### [Task details]
The output is to match the entries below character for character.
-- -- --
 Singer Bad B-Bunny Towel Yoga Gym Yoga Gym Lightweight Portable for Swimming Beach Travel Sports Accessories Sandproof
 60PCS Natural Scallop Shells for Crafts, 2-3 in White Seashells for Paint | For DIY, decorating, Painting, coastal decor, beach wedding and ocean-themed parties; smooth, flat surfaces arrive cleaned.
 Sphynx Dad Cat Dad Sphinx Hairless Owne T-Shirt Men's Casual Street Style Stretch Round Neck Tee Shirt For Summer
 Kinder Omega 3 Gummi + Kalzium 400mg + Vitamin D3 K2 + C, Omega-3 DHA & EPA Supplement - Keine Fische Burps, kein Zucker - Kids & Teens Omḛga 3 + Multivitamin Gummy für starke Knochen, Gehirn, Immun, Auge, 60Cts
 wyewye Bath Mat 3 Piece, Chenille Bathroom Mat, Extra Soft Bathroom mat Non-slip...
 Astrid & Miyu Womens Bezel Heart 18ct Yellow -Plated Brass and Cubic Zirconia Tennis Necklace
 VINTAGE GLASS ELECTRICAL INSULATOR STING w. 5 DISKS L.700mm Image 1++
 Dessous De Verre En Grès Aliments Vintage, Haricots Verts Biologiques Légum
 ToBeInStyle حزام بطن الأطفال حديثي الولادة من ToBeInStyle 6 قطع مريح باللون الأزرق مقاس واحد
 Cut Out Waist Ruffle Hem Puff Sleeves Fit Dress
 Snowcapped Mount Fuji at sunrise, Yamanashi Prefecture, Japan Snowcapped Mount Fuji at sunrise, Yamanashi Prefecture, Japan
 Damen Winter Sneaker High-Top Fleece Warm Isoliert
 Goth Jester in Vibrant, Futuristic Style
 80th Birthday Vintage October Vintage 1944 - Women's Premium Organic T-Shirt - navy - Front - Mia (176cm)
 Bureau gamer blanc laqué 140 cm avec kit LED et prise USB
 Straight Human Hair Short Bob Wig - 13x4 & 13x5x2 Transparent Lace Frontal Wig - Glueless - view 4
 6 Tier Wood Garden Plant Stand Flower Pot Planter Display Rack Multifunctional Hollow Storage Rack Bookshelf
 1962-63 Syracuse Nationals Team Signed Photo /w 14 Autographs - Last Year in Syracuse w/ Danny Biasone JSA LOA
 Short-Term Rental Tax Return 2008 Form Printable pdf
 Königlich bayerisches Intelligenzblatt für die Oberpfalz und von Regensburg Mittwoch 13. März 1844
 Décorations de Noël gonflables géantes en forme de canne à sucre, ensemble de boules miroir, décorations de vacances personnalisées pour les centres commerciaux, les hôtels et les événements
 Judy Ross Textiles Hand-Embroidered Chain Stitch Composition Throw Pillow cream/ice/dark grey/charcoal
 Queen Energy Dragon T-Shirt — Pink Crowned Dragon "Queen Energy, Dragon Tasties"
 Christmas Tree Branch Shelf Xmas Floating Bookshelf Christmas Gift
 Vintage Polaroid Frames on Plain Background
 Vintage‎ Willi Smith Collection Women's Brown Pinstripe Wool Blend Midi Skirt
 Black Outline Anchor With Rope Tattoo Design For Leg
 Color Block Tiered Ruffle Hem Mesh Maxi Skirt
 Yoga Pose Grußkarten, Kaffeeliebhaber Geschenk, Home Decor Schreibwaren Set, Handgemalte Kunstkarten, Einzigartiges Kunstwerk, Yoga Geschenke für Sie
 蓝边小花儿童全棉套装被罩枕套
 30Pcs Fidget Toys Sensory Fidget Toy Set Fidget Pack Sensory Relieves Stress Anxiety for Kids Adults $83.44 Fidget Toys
-- -- --
### [Task result]
 Singer Bad B-Bunny Towel Yoga Gym Yoga Gym Lightweight Portable for Swimming Beach Travel Sports Accessories Sandproof
 60PCS Natural Scallop Shells for Crafts, 2-3 in White Seashells for Paint | For DIY, decorating, Painting, coastal decor, beach wedding and ocean-themed parties; smooth, flat surfaces arrive cleaned.
 Sphynx Dad Cat Dad Sphinx Hairless Owne T-Shirt Men's Casual Street Style Stretch Round Neck Tee Shirt For Summer
 Kinder Omega 3 Gummi + Kalzium 400mg + Vitamin D3 K2 + C, Omega-3 DHA & EPA Supplement - Keine Fische Burps, kein Zucker - Kids & Teens Omḛga 3 + Multivitamin Gummy für starke Knochen, Gehirn, Immun, Auge, 60Cts
 wyewye Bath Mat 3 Piece, Chenille Bathroom Mat, Extra Soft Bathroom mat Non-slip...
 Astrid & Miyu Womens Bezel Heart 18ct Yellow -Plated Brass and Cubic Zirconia Tennis Necklace
 VINTAGE GLASS ELECTRICAL INSULATOR STING w. 5 DISKS L.700mm Image 1++
 Dessous De Verre En Grès Aliments Vintage, Haricots Verts Biologiques Légum
 ToBeInStyle حزام بطن الأطفال حديثي الولادة من ToBeInStyle 6 قطع مريح باللون الأزرق مقاس واحد
 Cut Out Waist Ruffle Hem Puff Sleeves Fit Dress
 Snowcapped Mount Fuji at sunrise, Yamanashi Prefecture, Japan Snowcapped Mount Fuji at sunrise, Yamanashi Prefecture, Japan
 Damen Winter Sneaker High-Top Fleece Warm Isoliert
 Goth Jester in Vibrant, Futuristic Style
 80th Birthday Vintage October Vintage 1944 - Women's Premium Organic T-Shirt - navy - Front - Mia (176cm)
 Bureau gamer blanc laqué 140 cm avec kit LED et prise USB
 Straight Human Hair Short Bob Wig - 13x4 & 13x5x2 Transparent Lace Frontal Wig - Glueless - view 4
 6 Tier Wood Garden Plant Stand Flower Pot Planter Display Rack Multifunctional Hollow Storage Rack Bookshelf
 1962-63 Syracuse Nationals Team Signed Photo /w 14 Autographs - Last Year in Syracuse w/ Danny Biasone JSA LOA
 Short-Term Rental Tax Return 2008 Form Printable pdf
 Königlich bayerisches Intelligenzblatt für die Oberpfalz und von Regensburg Mittwoch 13. März 1844
 Décorations de Noël gonflables géantes en forme de canne à sucre, ensemble de boules miroir, décorations de vacances personnalisées pour les centres commerciaux, les hôtels et les événements
 Judy Ross Textiles Hand-Embroidered Chain Stitch Composition Throw Pillow cream/ice/dark grey/charcoal
 Queen Energy Dragon T-Shirt — Pink Crowned Dragon "Queen Energy, Dragon Tasties"
 Christmas Tree Branch Shelf Xmas Floating Bookshelf Christmas Gift
 Vintage Polaroid Frames on Plain Background
 Vintage‎ Willi Smith Collection Women's Brown Pinstripe Wool Blend Midi Skirt
 Black Outline Anchor With Rope Tattoo Design For Leg
 Color Block Tiered Ruffle Hem Mesh Maxi Skirt
 Yoga Pose Grußkarten, Kaffeeliebhaber Geschenk, Home Decor Schreibwaren Set, Handgemalte Kunstkarten, Einzigartiges Kunstwerk, Yoga Geschenke für Sie
 蓝边小花儿童全棉套装被罩枕套
 30Pcs Fidget Toys Sensory Fidget Toy Set Fidget Pack Sensory Relieves Stress Anxiety for Kids Adults $83.44 Fidget Toys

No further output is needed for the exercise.